A verdade é que ia mal. Poucas causas, de pequena monta, e
constituintes remissos; por desgraça perdera ultimamente um processo, em que
fundara grandes esperanças. Não só recebeu pouco, mas até parece que ele lhe
tirou alguma coisa à reputação jurídica; em todo caso, andavam mofinas nos
jornais.
D. Amélia não sabia nada; ele não contava nada à mulher,
bons ou maus negócios. Não contava nada a ninguém. Fingia-se tão alegre como se
nadasse em um mar de prosperidades. Quando o Gustavo, que ia todas as noites à
casa dele, dizia uma ou duas pilhérias, ele respondia com três e quatro; e
depois ia ouvir os trechos de música alemã, que D. Amélia tocava muito bem ao
piano, e que o Gustavo escutava com indizível prazer, ou jogavam cartas, ou
simplesmente falavam de política.
Um dia, a mulher foi achá-lo dando muitos beijos à filha,
criança de quatro anos, e viu-lhe os olhos molhados; ficou espantada, e
perguntou-lhe o que era.
— Nada, nada.
Compreende-se que era o medo do futuro e o horror da
miséria. Mas as esperanças voltavam com facilidade. A ideia de que os dias
melhores tinham de vir dava-lhe conforto para a luta. Estava com trinta e
quatro anos; era o princípio da carreira: todos os princípios são difíceis. E
toca a trabalhar, a esperar, a gastar, pedir fiado ou emprestado, para pagar
mal, e a más horas.
A dívida urgente de hoje são uns malditos quatrocentos e
tantos mil-réis de carros. Nunca demorou tanto a conta, nem ela cresceu tanto,
como agora; e, a rigor, o credor não lhe punha a faca aos peitos; mas disse-lhe
hoje uma palavra azeda, com um gesto mau, e Honório quer pagar-lhe hoje mesmo.

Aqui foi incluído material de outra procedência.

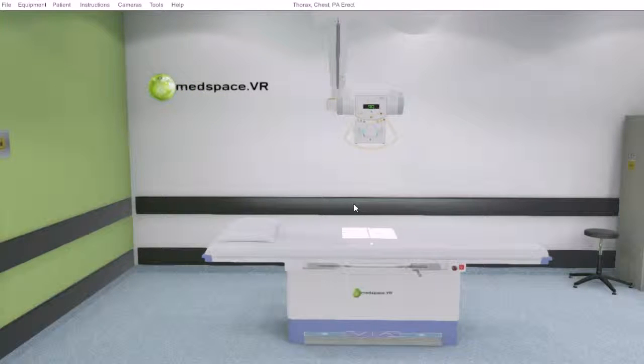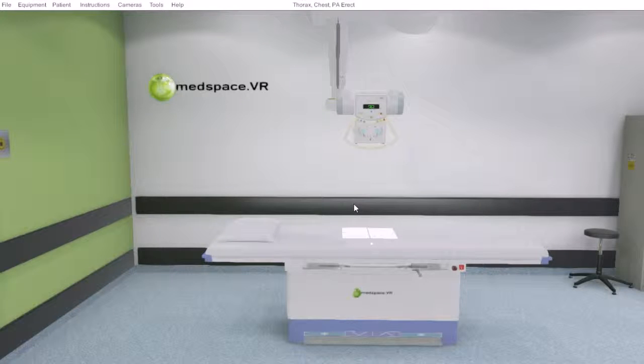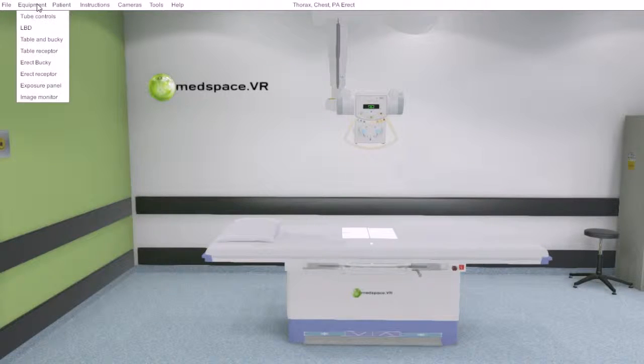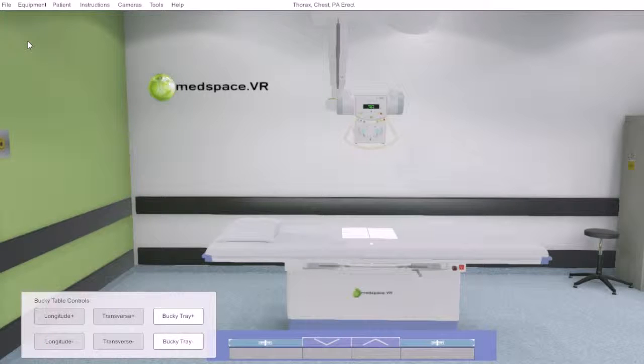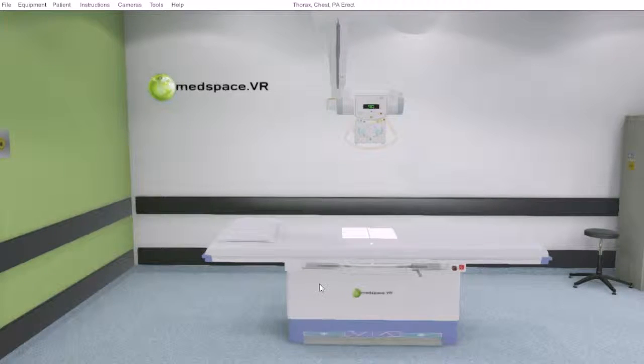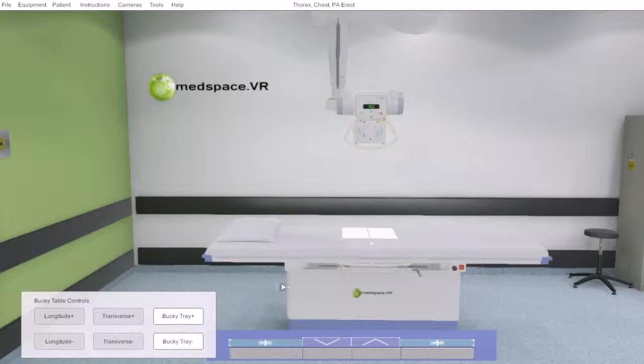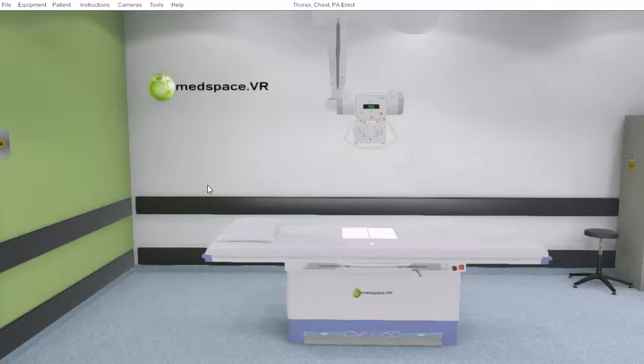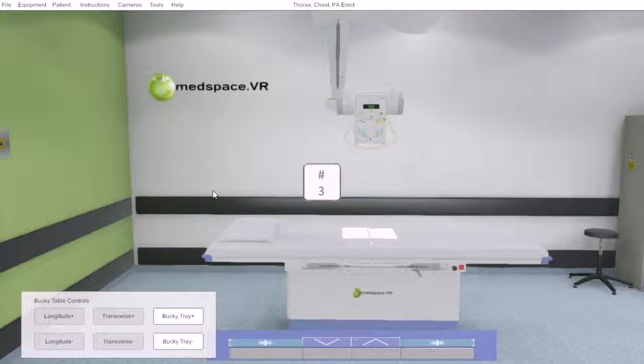In this tutorial we will be covering using the table and erect buckies. To interact with the table, in the equipment menu we can access table and bucky, or we can click on the table, or numerical key 3 will bring up the same menu.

Eram cinco horas da tarde. Tinha-se lembrado de ir a um agiota, mas voltou sem
ousar pedir nada. Ao enfiar pela Rua da Assembleia é que viu a carteira no
chão, apanhou-a, meteu no bolso, e foi andando. Durante os primeiros minutos,
Honório não pensou nada; foi andando, andando, andando, até o Largo da Carioca.
No Largo parou alguns instantes — enfiou depois pela Rua da Carioca, mas
voltou logo, e entrou na Rua Uruguaiana. Sem saber como, achou-se daí a pouco
no Largo de S. Francisco de Paula; e ainda, sem saber como, entrou em um Café.
Pediu alguma coisa e encostou-se à parede, olhando para fora. Tinha medo de
abrir a carteira; podia não achar nada, apenas papéis e sem valor para ele. Ao
mesmo tempo, e esta era a causa principal das reflexões, a consciência
perguntava-lhe se podia utilizar-se do dinheiro que achasse. Não lhe perguntava
com o ar de quem não sabe, mas antes com uma expressão irónica e de censura.
Podia lançar mão do dinheiro, e ir pagar com ele a dívida? Eis o ponto. A
consciência acabou por lhe dizer que não podia, que devia levar a carteira à
polícia, ou anunciá-la; mas tão depressa acabava de lhe dizer isto, vinham os
apuros da ocasião, e puxavam por ele, e convidavam-no a ir pagar a cocheira.
Chegavam mesmo a dizer-lhe que, se fosse ele que a tivesse perdido, ninguém
iria entregar-lha; insinuação que lhe deu ânimo.
Tudo isso antes de abrir a carteira. Tirou-a do bolso,
finalmente, mas com medo, quase às escondidas; abriu-a, e ficou trémulo. Tinha
dinheiro, muito dinheiro; não contou, mas viu duas notas de duzentos mil-réis,
algumas de cinquenta e vinte; calculou uns setecentos mil-réis ou mais; quando
menos, seiscentos. Era a dívida paga; eram menos algumas despesas urgentes.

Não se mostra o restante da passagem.